The only light came from the dim glow coming off a nearby nightlight. The pain had subsided into an overall soreness, but my headache still raged. I was unbound, lying under the same thick comforter, covered from head to toe in a thin layer of sweat. I pushed the comforter away.

I expected to find my naked body under the comforter. Instead I found satin: a camisole and panties. I clutched frantically at the fabric. Who had dressed me? Dressing meant touching and touching could mean too many things. Caleb? Had he dressed me? The thought filled me with dread. And underneath that, something else entirely more horrible: unwelcome curiosity.

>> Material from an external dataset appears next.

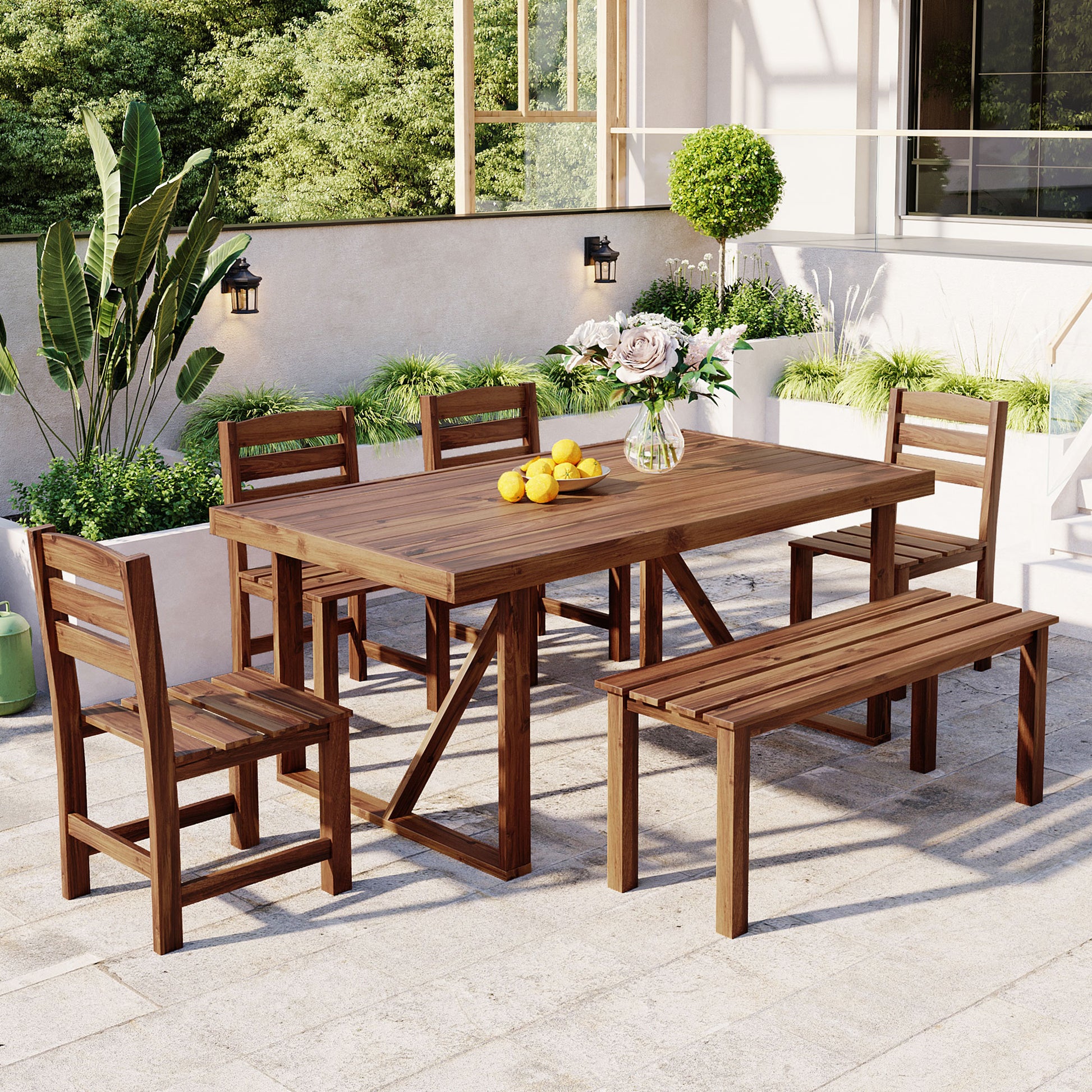 U_Style High-quality Acacia Wood Outdoor Table and Chair Set, Suitable for Patio, Balcony, Backyard(old sku:WY000432AAE) image 1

Fending off my conflicting emotions, I set about inspecting my body. I was sore all over, even my hair hurt, but between my legs I didn’t feel noticeably different. No soreness on the inside to suggest what I couldn’t bring myself to think might happen to me at some point. I was momentarily relieved, but one more look around my new prison and my relief evaporated. I had to get out of here. I slid out of bed.

The room appeared rundown, with yellowing wallpaper and thin, stained carpet. The bed, a huge wrought iron four-poster, was the only piece of furniture that appeared new. It hardly seemed like the kind of thing that belonged in a place like this. Not that I knew much about places like this. The linen on the bed smelled of fabric softener. It was the same kind I washed my family’s clothes in at home. My stomach clenched. I didn’t hate my mother, I loved her. I should have told her more often, even if she didn’t always tell me. Tears stung my eyes, but I couldn’t fall apart right now. I had to think of a way to escape.